Is it better than an outdoor grill?

Baby back ribs sitting on a rack inside of the GE Profile Smart Indoor Smoker.

Photo by Billy Steele/Engadget

While it’s tempting to compare the results from the GE Profile Smart Indoor Smoker to those of a pellet, charcoal or wood-burning grill, it would be like discussing apples and oranges. Since all of the other options have an open flame and use significantly more fuel as the primary heat source, the smoke flavor is much more intense. They also require a lot more planning. First, you’d need dedicated outdoor space where those grills and smokers will be safe to use. You’ll also need to consider the added cleaning and maintenance needed to keep them running well.

All of these outdoor grills have a wider temperature range, so they can be used for more than just smoking. You could use a pellet grill, for example, to do everything from brisket to searing steaks.
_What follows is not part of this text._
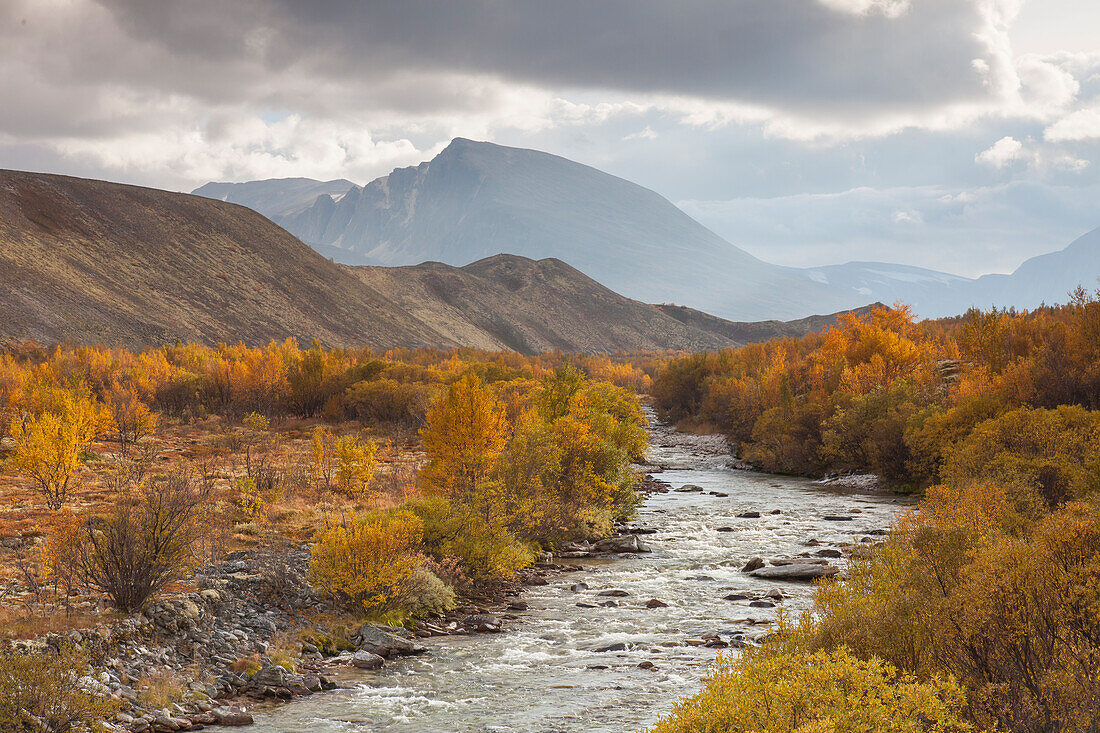  River Atna in Doralseter, Rondane National Park, Dovre, Norway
Ditto for charcoal or wood-burning units. And if you factor in Wi-Fi-enabled features, outdoor grills typically allow you to adjust temperature in addition to just monitoring it. Some of them even offer advanced tools like the Super Smoke mode from Traeger or the ability to send recipes to the grill as part of step-by-step guidance.

All this considered, the GE Profile Smart Indoor Smoker is still a good option for people who can’t have an outdoor smoker due to rental agreements or a lack of space. You’ll certainly need to plan ahead on how to store the appliance when you’re not using it. But, the fact that you can put it in your kitchen opens up the ability to cook barbecue, smoked wings, tasty seafood and more that you otherwise wouldn’t be able to. It’s not entirely a “set it and forget it” type of device, and there are some hoops to jump through in terms of rotating things during the cook. However, you won’t have to spend hours babying the meats the cooking starts.


The GE Profile Smart Indoor Smoker works just like the company describes. The only real nuisance is having to flip and rotate foods to make sure they’re cooked properly. I really wish the company was more up-front about this somewhere other than the troubleshooting table and recipe book. It’s a key action that shouldn’t be left to trial and error. Even with that caveat, the device produces noticeably smoky flavor in a range of foods, albeit in a more-subdued way than what an outdoor grill.

Presets make it easy to get started and the manual mode will provide an open playground once you gain some experience. This won’t replace your pellet or charcoal grill, but that’s not really the point. It lets people who can’t own one of those make some tasty barbecue inside their kitchens. You just have to find a place to store it, or give up previously allocated countertop space, between smoke sessions.